● Task requirements: Reproduce from the records below, with no pictures, exactly the lines between the one containing "Codificação Ícone Rede" and the one containing "Russia #1 Apartment", inclusive.

● Material supplied:

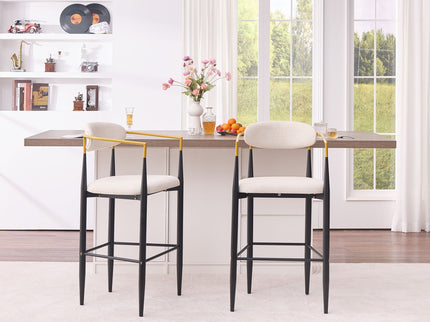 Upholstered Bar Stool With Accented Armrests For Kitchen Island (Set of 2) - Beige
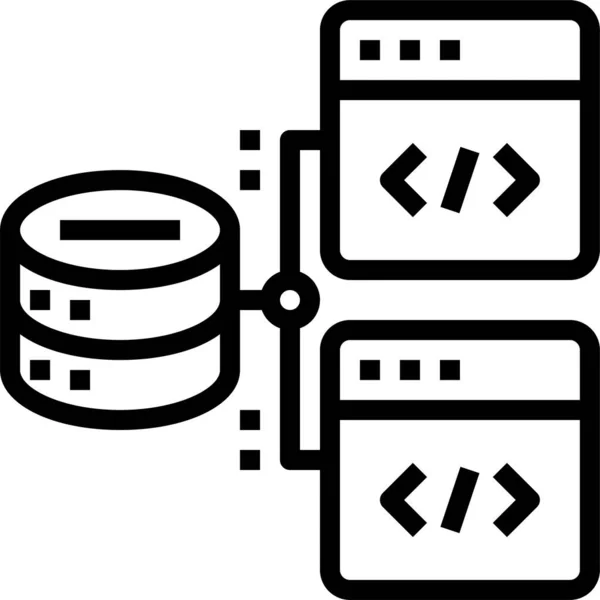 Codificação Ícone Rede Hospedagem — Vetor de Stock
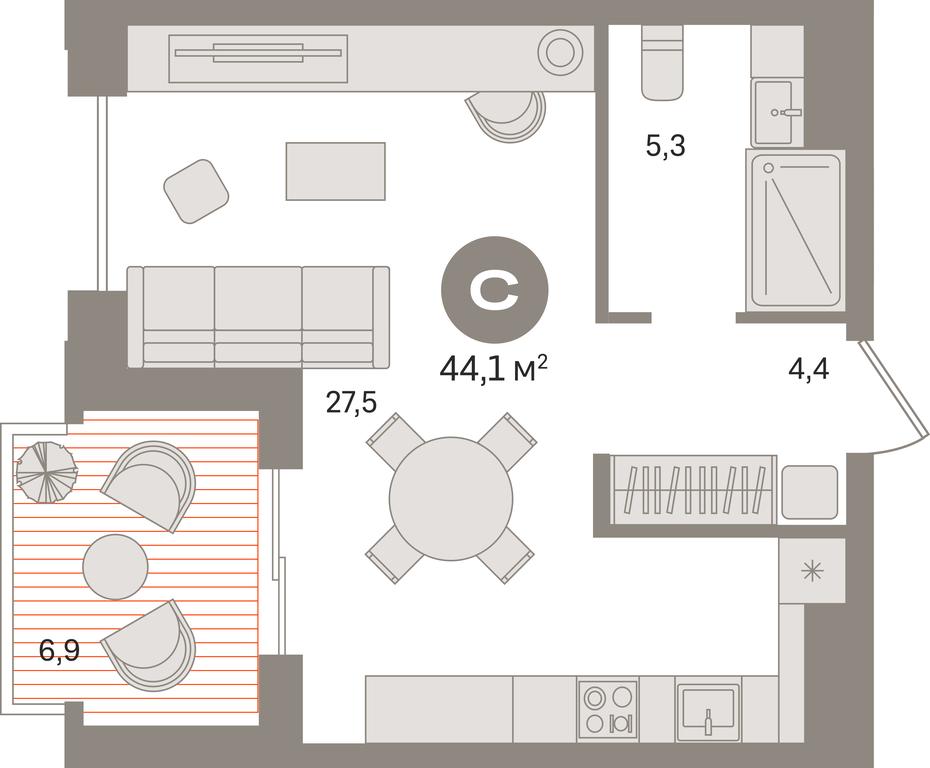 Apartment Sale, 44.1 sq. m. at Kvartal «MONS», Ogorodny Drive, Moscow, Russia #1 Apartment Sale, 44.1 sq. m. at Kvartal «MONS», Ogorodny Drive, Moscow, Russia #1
---
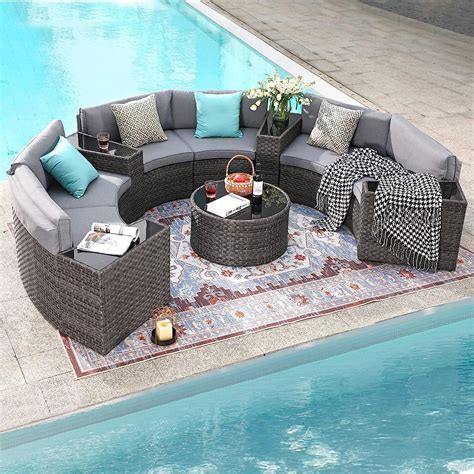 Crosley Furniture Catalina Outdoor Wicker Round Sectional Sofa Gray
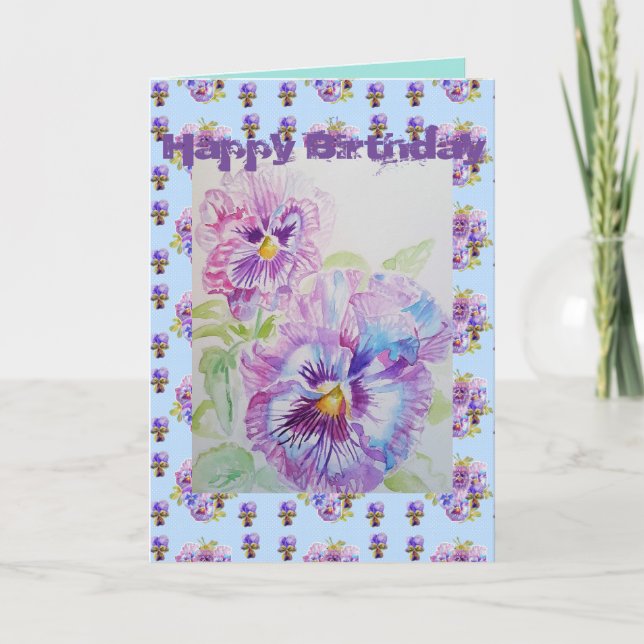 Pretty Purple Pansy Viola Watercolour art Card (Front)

● Answer to the exercise:
 Codificação Ícone Rede Hospedagem — Vetor de Stock
 Apartment Sale, 44.1 sq. m. at Kvartal «MONS», Ogorodny Drive, Moscow, Russia #1 Apartment Sale, 44.1 sq. m. at Kvartal «MONS», Ogorodny Drive, Moscow, Russia #1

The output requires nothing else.